** What this task involves **
Every entry must appear in the answer exactly as written.
=== Data records ===
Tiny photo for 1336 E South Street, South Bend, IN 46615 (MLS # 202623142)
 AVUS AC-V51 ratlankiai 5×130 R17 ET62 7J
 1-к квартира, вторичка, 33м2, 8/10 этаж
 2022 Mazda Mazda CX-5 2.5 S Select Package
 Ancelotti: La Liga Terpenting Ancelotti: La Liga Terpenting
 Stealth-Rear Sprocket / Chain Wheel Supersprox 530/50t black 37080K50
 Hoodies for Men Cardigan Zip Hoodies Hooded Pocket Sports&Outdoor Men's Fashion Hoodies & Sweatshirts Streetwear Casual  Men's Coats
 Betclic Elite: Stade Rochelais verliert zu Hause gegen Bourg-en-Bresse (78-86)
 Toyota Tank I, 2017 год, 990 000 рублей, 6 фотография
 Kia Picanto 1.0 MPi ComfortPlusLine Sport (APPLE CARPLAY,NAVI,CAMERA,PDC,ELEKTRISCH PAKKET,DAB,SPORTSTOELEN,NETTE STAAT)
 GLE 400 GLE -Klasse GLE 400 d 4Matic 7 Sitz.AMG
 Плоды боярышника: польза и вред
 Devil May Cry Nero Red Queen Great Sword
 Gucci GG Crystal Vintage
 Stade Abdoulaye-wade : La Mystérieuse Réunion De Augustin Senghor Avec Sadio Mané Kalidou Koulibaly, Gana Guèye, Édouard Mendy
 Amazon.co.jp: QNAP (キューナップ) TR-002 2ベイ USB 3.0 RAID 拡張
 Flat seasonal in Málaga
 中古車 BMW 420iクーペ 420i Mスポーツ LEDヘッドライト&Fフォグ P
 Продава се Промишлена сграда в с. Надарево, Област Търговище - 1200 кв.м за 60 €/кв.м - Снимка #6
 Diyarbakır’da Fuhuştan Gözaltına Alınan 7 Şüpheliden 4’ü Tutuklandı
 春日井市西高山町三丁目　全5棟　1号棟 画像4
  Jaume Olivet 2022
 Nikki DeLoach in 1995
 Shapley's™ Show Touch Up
===
** Problem solution **
Tiny photo for 1336 E South Street, South Bend, IN 46615 (MLS # 202623142)
 AVUS AC-V51 ratlankiai 5×130 R17 ET62 7J
 1-к квартира, вторичка, 33м2, 8/10 этаж
 2022 Mazda Mazda CX-5 2.5 S Select Package
 Ancelotti: La Liga Terpenting Ancelotti: La Liga Terpenting
 Stealth-Rear Sprocket / Chain Wheel Supersprox 530/50t black 37080K50
 Hoodies for Men Cardigan Zip Hoodies Hooded Pocket Sports&Outdoor Men's Fashion Hoodies & Sweatshirts Streetwear Casual  Men's Coats
 Betclic Elite: Stade Rochelais verliert zu Hause gegen Bourg-en-Bresse (78-86)
 Toyota Tank I, 2017 год, 990 000 рублей, 6 фотография
 Kia Picanto 1.0 MPi ComfortPlusLine Sport (APPLE CARPLAY,NAVI,CAMERA,PDC,ELEKTRISCH PAKKET,DAB,SPORTSTOELEN,NETTE STAAT)
 GLE 400 GLE -Klasse GLE 400 d 4Matic 7 Sitz.AMG
 Плоды боярышника: польза и вред
 Devil May Cry Nero Red Queen Great Sword
 Gucci GG Crystal Vintage
 Stade Abdoulaye-wade : La Mystérieuse Réunion De Augustin Senghor Avec Sadio Mané Kalidou Koulibaly, Gana Guèye, Édouard Mendy
 Amazon.co.jp: QNAP (キューナップ) TR-002 2ベイ USB 3.0 RAID 拡張
 Flat seasonal in Málaga
 中古車 BMW 420iクーペ 420i Mスポーツ LEDヘッドライト&Fフォグ P
 Продава се Промишлена сграда в с. Надарево, Област Търговище - 1200 кв.м за 60 €/кв.м - Снимка #6
 Diyarbakır’da Fuhuştan Gözaltına Alınan 7 Şüpheliden 4’ü Tutuklandı
 春日井市西高山町三丁目　全5棟　1号棟 画像4
  Jaume Olivet 2022
 Nikki DeLoach in 1995
 Shapley's™ Show Touch Up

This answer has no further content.